While Nepal may have signed agreements with employer pays provisions for visa fee and air tickets, there are no mechanisms to ensure its implementation. These principles are only as good as the impact they bring to migrants.
In the past few years since it was set up, the Ethics Practitioners Association of Nepal (EPAN), an umbrella organisation of recruiters committed to ethical recruitment including no cost for workers, has been able to mobilise zero workers. The only reason they are surviving is because they have alternate businesses in other sectors.
There are some positive signs. Glove factories in Malaysia are reimbursing recruitment fees of workers from all nationalities – not just workers from Nepal with which Malaysia has signed a zero-cost pact (see figure). This move was not due to the goodwill of employers or the Malaysian Government, but pressure from the United States after their exports faced a ban from CBP (Customs and Border Protection) and a potential damage to their reputation from profiting during the pandemic.
This calls for a more strategic approach to bring real change alongside non-binding, soft commitments, or moral agreements on zero-cost migration that get all the media attention. Another unintended consequence of focusing only on the principle of no-cost migration is that more practical solutions may be disregarded.
One of the biggest downsides of financing recruitment costs for Nepali workers is that they are slapped hefty interests by informal lenders that add up significantly. Financing collateral free, low interest loans, as was implemented by DfID in Province 2 before the lockdown, is an example of a more practical short-term approach to ease the burden on migrants.

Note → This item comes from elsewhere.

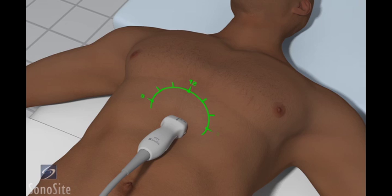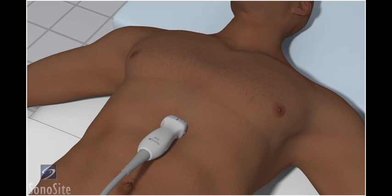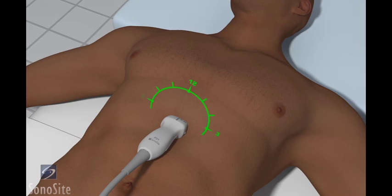As an alternative approach, this exam may be performed using an abdomen exam type with the orientation marker to the patient's right side at the 9 o'clock position.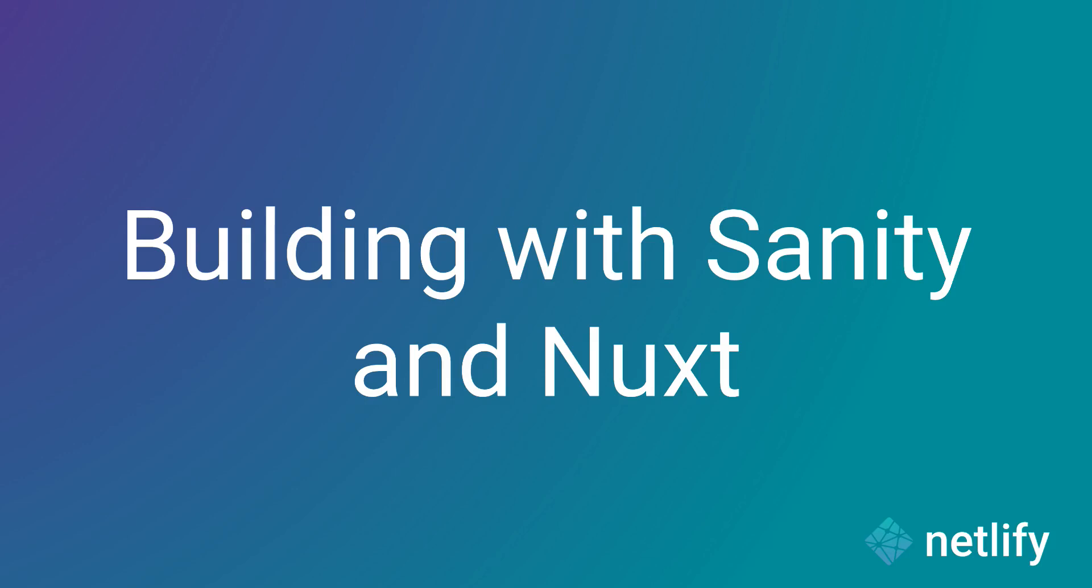Hello and welcome to my building with Sanity and Nuxt mission. My name is Ekene and I will be your instructor as we set off for Sanity Land.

Is it fair to deprive them of low cost financing solutions knowing that workers are paying to go abroad regardless of whether it is to a country with which we have signed a zero-cost pact or not,
Nepal’s well-intentioned policies have failed to deliver, but anyone who cares about migrant welfare will champion the employer pays principle. The bosses of migrants, often migrants themselves but referred to as ‘expats’ for being in a higher position, are not only exempted from recruitment costs but also get compensated for relocation. It is counterintuitive that those in the lowest rungs of the ladder who cannot afford the costs are being made to borrow to pay exorbitant fees just to get the jobs.
Nepal’s implementation capability and whether policies are practical in the current context, the incentives for those involved, regional dynamics, and the diverse situation of worker treatment across countries, all have to be taken into account.
Turning this aspiration to reality is a long game, and we would be remiss to disregard a whole range of shorter-term, practical alternatives en route.
Upasana Khadka writes the column Labour Mobility every month in Nepali Times analysing trends affecting Nepal’s workers abroad.